Exercise data:
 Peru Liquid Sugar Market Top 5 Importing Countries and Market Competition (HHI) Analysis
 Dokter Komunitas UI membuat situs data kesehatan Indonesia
* * *
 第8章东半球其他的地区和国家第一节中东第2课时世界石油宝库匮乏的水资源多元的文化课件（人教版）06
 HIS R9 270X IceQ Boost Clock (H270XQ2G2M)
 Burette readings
--
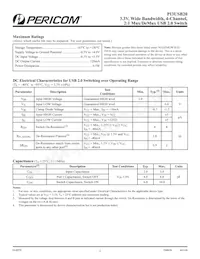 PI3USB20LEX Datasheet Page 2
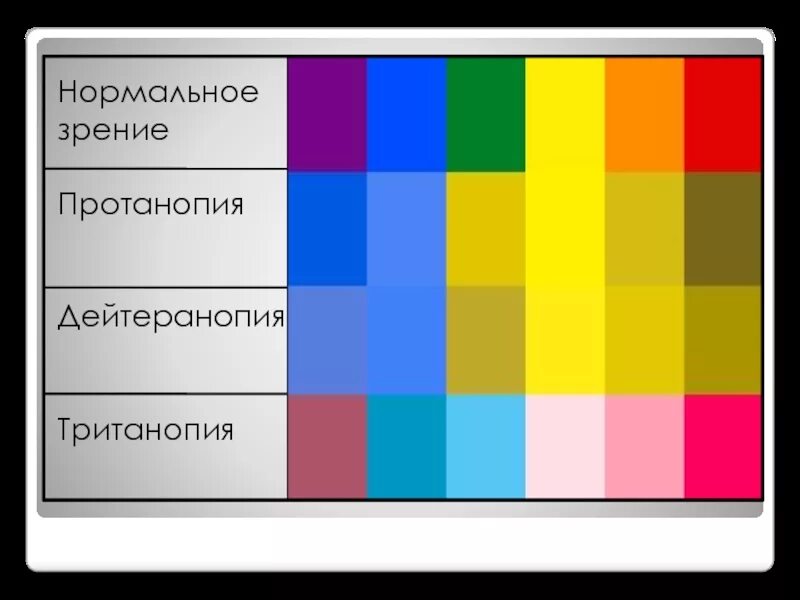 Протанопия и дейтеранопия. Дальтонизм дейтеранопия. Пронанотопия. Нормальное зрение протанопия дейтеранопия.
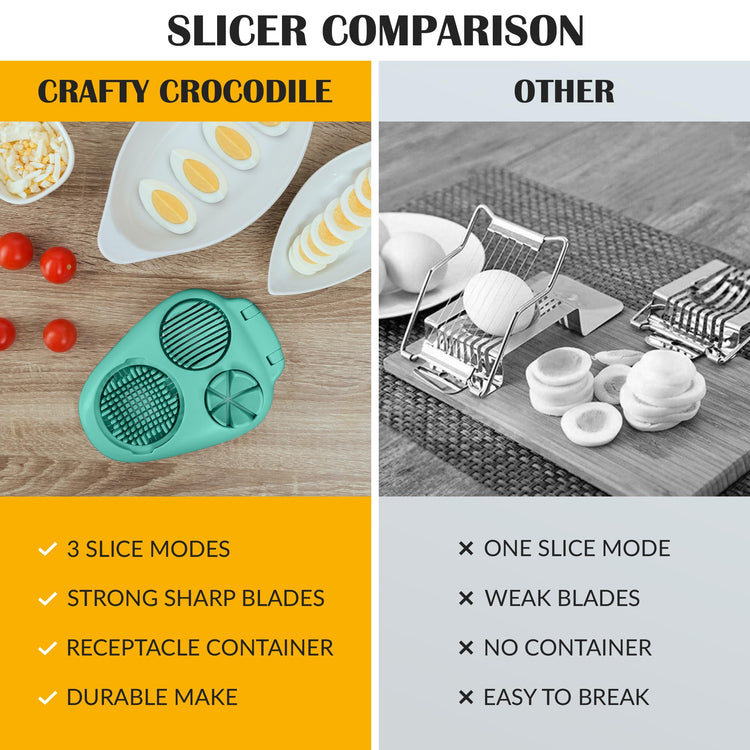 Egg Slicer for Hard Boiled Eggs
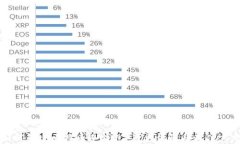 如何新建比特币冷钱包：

Task statement:
Copy exactly the stretch of data above from the line with "第8章东半球其他的地区和国家" through the line with "Burette readings", and omit all other lines.

Finished exercise:
 第8章东半球其他的地区和国家第一节中东第2课时世界石油宝库匮乏的水资源多元的文化课件（人教版）06
 HIS R9 270X IceQ Boost Clock (H270XQ2G2M)
 Burette readings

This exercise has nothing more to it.